Work instruction – The listing below is to be copied exactly, with pictures excluded.

Dataset content –
======

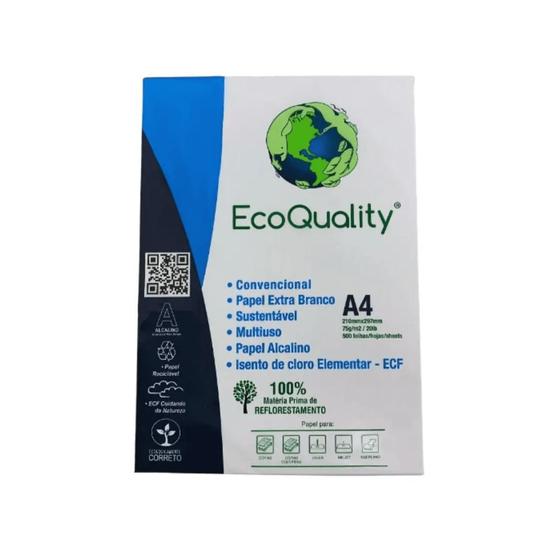 Imagem de Papel Sulfite A4 EcoQuality 500 Folhas 75g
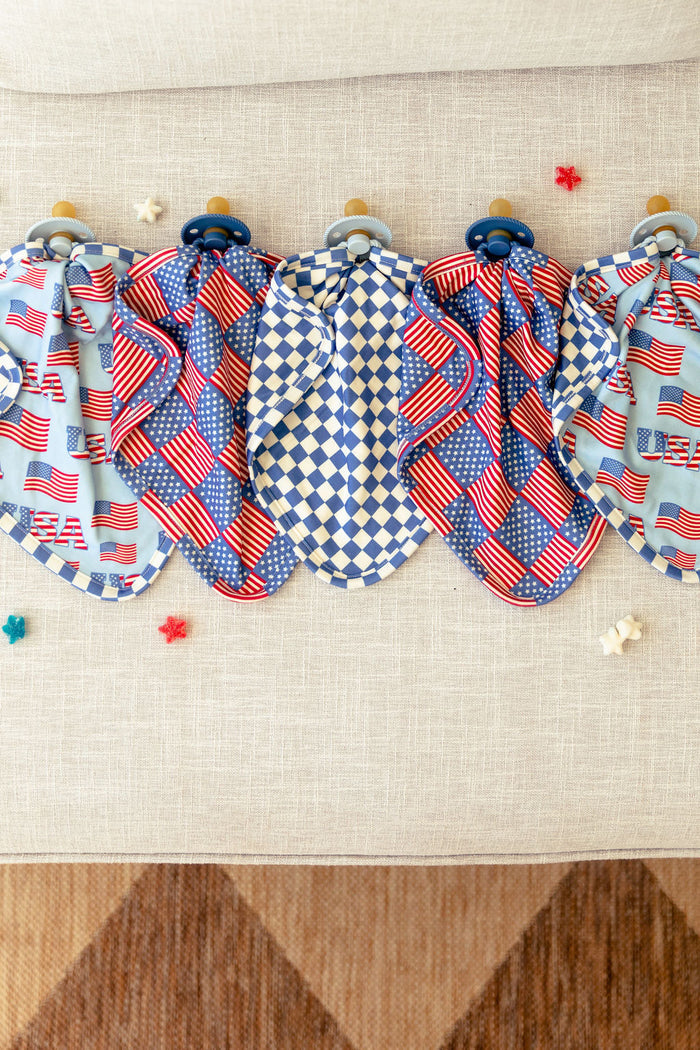 LIBERTY BLUE MINI CHECKER | LOVIE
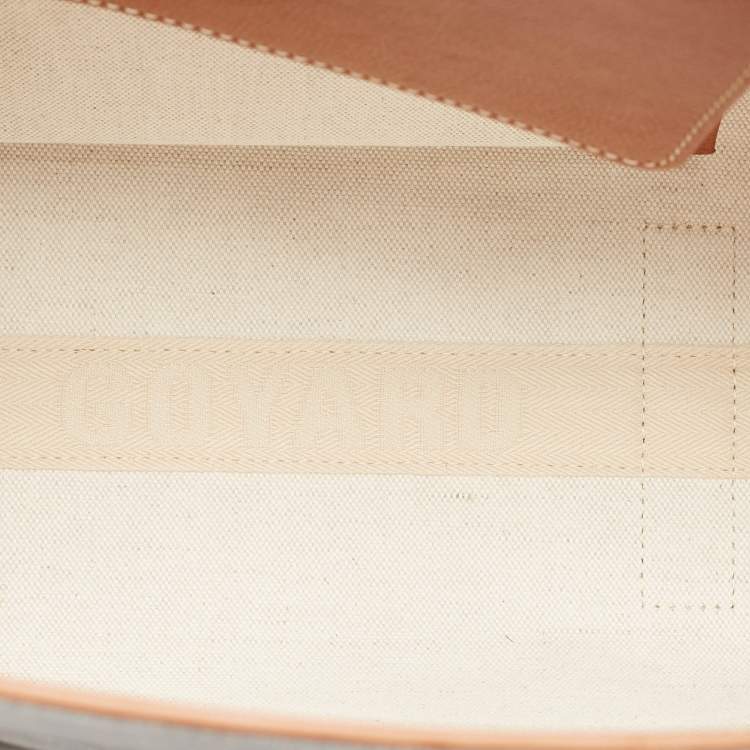 Pre Owned Goyard Brown Goyardine Coated Canvas and Leather Rouette PM Bag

======

Answer area –
 Imagem de Papel Sulfite A4 EcoQuality 500 Folhas 75g
 LIBERTY BLUE MINI CHECKER | LOVIE
 Pre Owned Goyard Brown Goyardine Coated Canvas and Leather Rouette PM Bag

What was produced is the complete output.